DATA SHOWN>
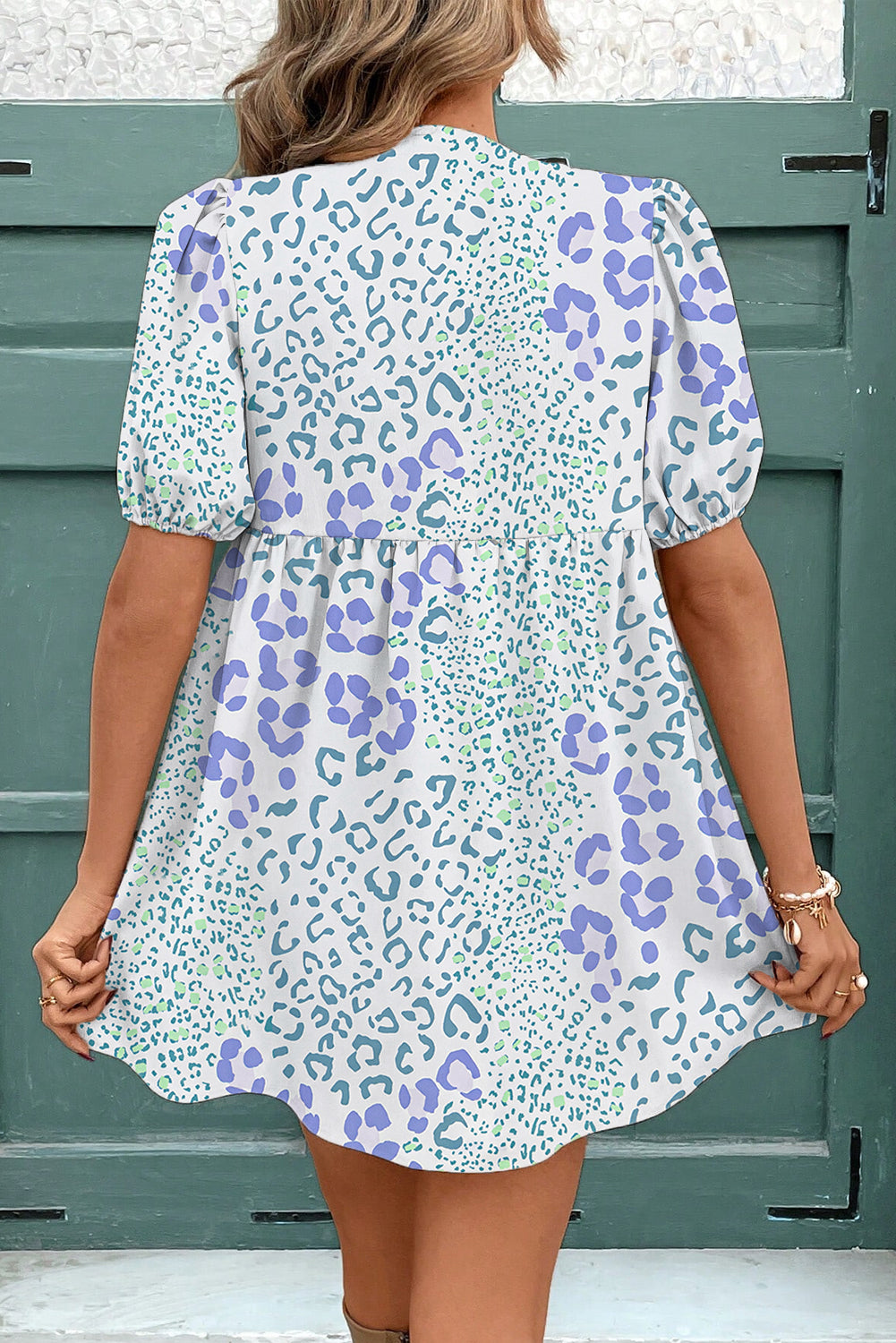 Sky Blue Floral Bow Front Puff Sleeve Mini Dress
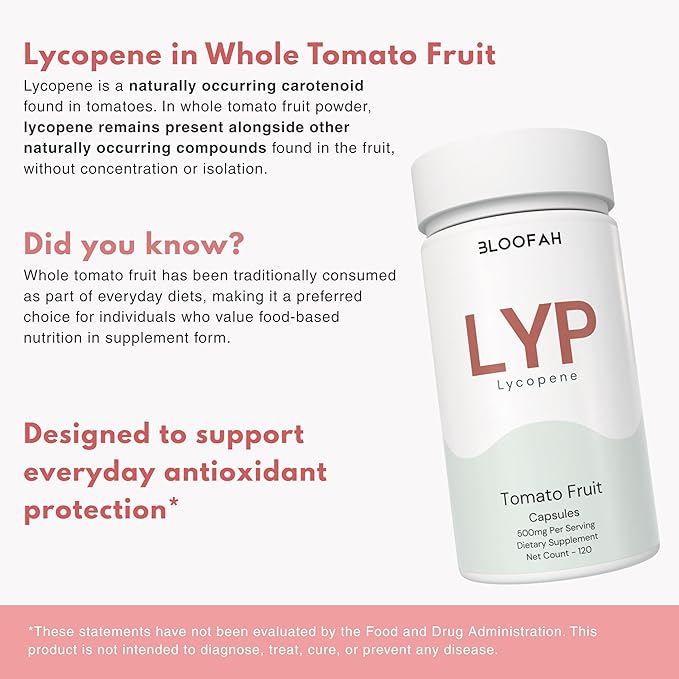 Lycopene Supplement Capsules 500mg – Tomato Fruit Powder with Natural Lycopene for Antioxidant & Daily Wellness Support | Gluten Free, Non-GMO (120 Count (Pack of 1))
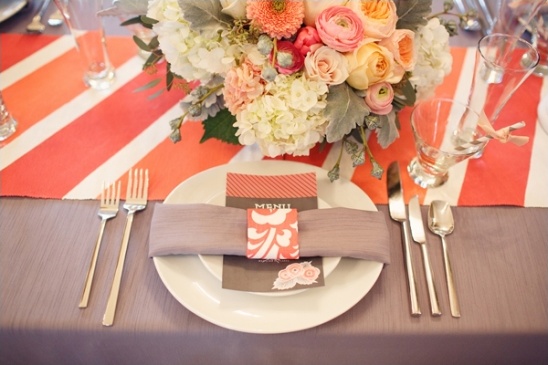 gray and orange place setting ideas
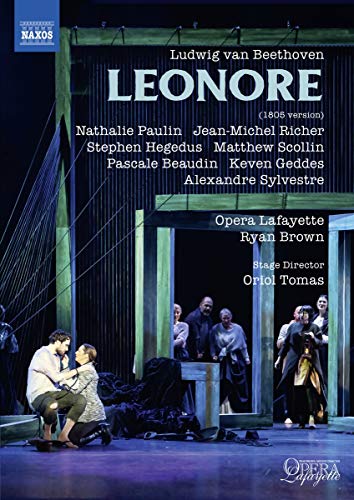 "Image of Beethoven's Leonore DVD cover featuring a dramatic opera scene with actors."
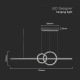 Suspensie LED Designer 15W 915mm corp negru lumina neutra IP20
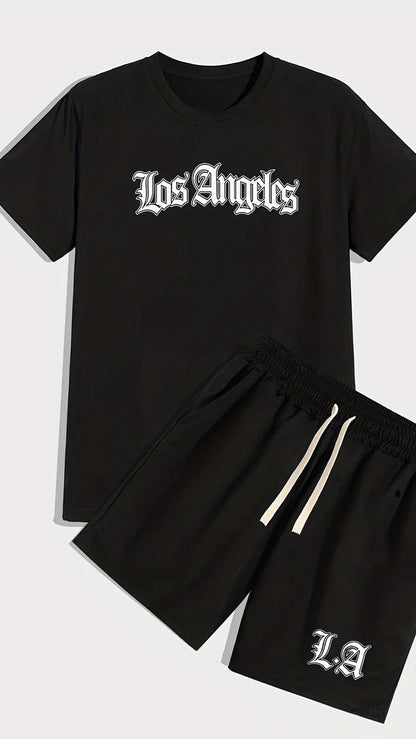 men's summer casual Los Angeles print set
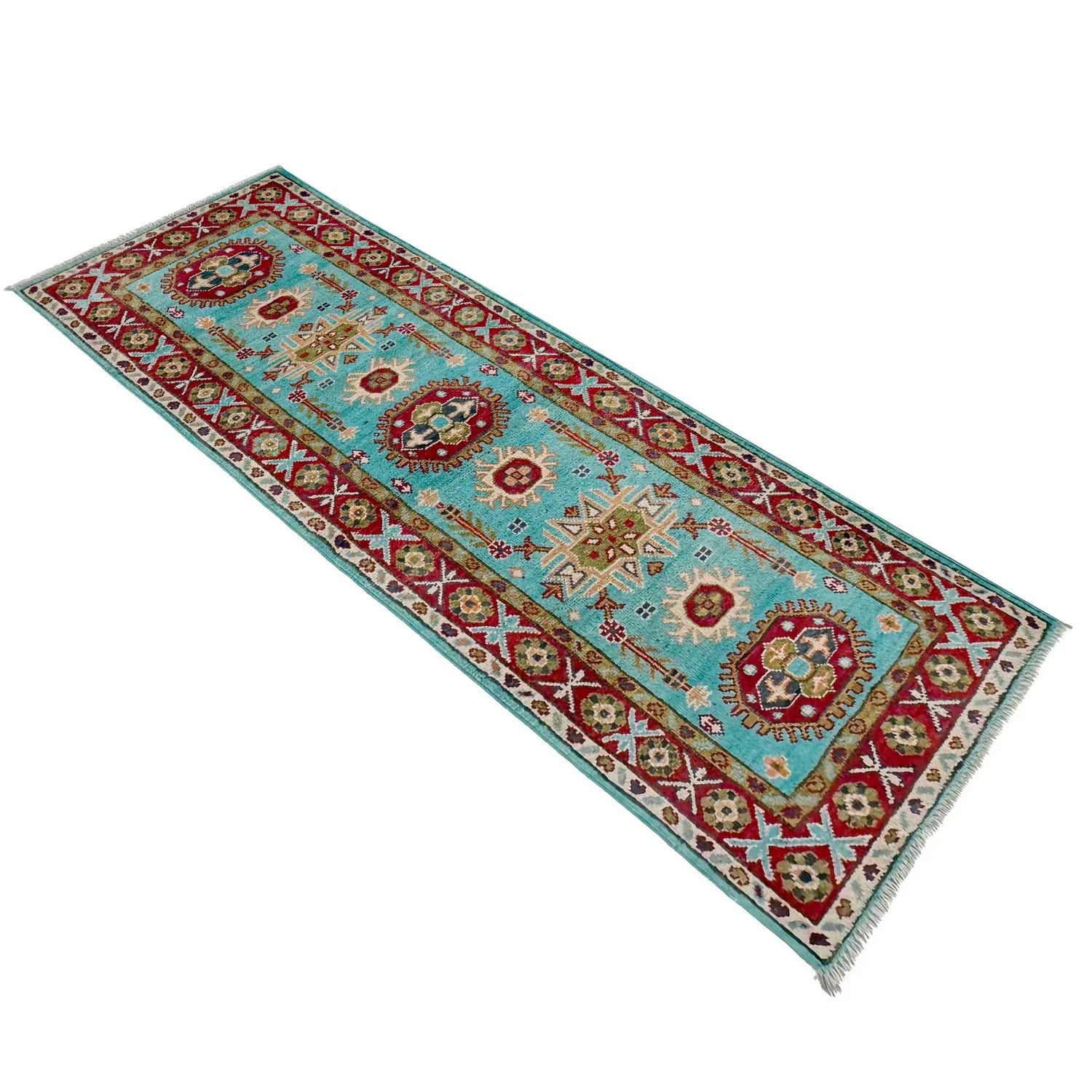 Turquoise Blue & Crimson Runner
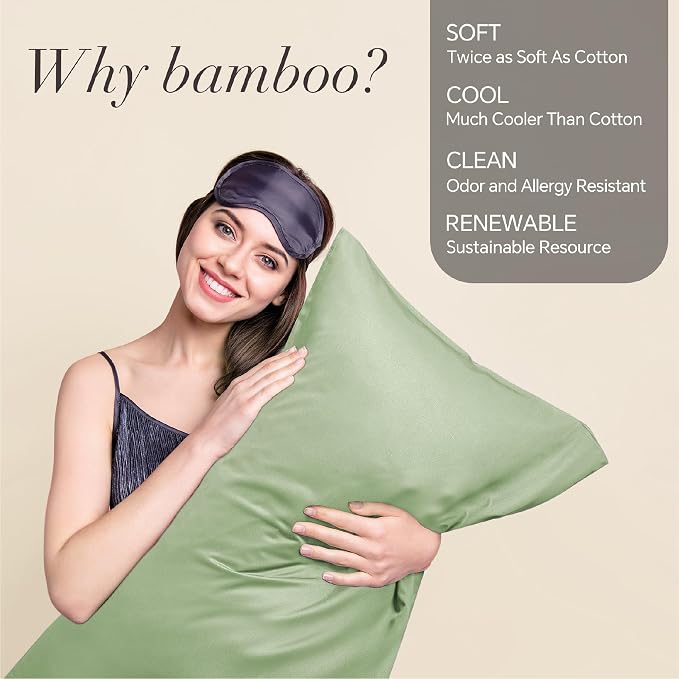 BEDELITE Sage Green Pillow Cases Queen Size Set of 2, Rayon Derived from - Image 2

--

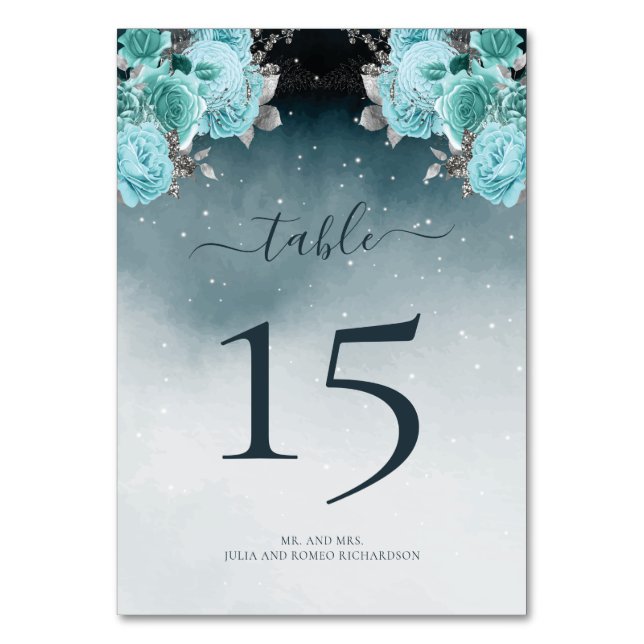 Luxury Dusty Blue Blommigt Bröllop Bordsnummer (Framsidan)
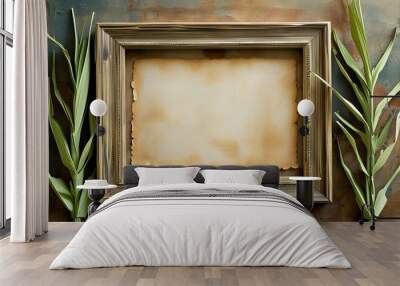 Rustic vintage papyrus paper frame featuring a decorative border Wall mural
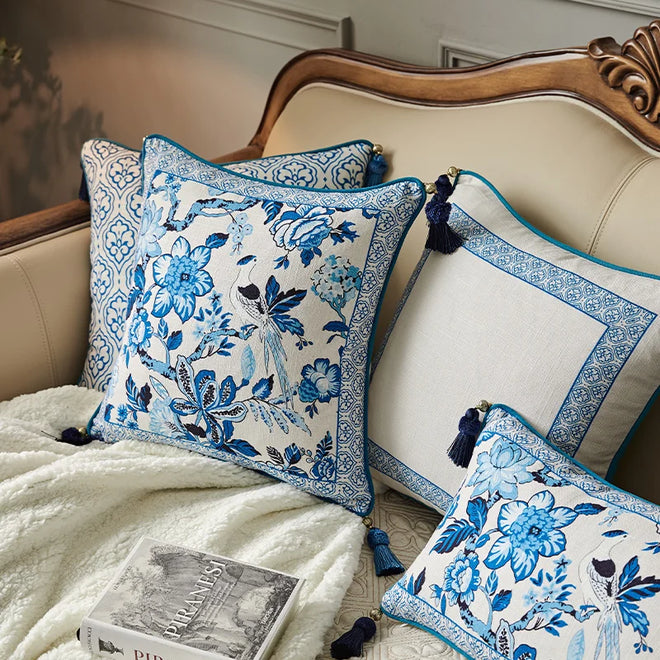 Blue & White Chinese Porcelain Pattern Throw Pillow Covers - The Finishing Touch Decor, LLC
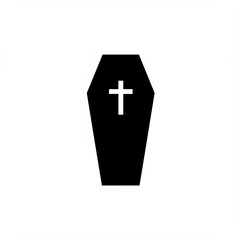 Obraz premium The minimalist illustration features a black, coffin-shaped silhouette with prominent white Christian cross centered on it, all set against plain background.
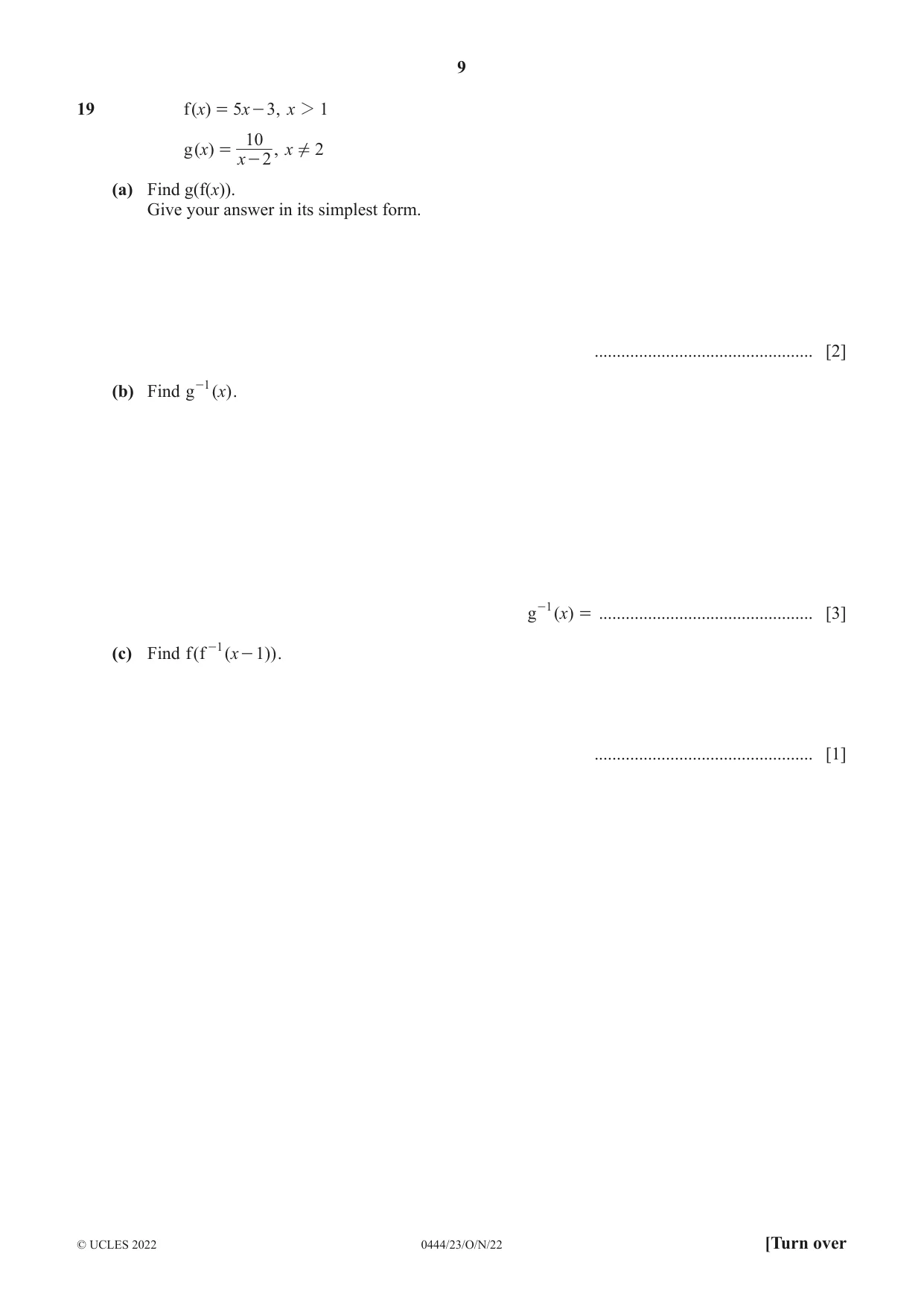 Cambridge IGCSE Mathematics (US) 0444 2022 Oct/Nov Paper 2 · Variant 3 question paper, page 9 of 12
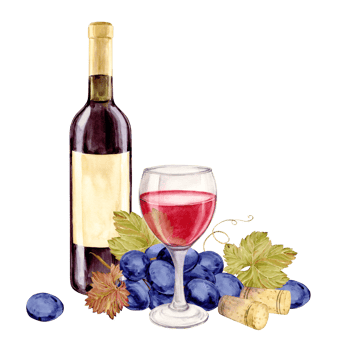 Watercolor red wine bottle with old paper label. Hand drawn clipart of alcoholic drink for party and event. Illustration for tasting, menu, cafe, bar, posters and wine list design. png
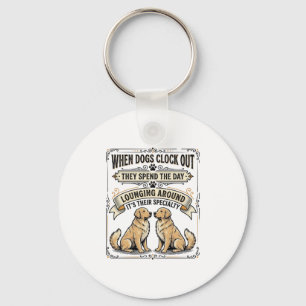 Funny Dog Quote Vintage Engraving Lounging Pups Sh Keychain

YOUR GOAL> Reproduce the data above exactly, but only the lines from the one showing "Suspensie LED Designer" through the one showing "BEDELITE Sage Green", with both ends kept and the pictures left out.

ANSWER TO THIS PROBLEM>
 Suspensie LED Designer 15W 915mm corp negru lumina neutra IP20
 men's summer casual Los Angeles print set
 Turquoise Blue & Crimson Runner
 BEDELITE Sage Green Pillow Cases Queen Size Set of 2, Rayon Derived from - Image 2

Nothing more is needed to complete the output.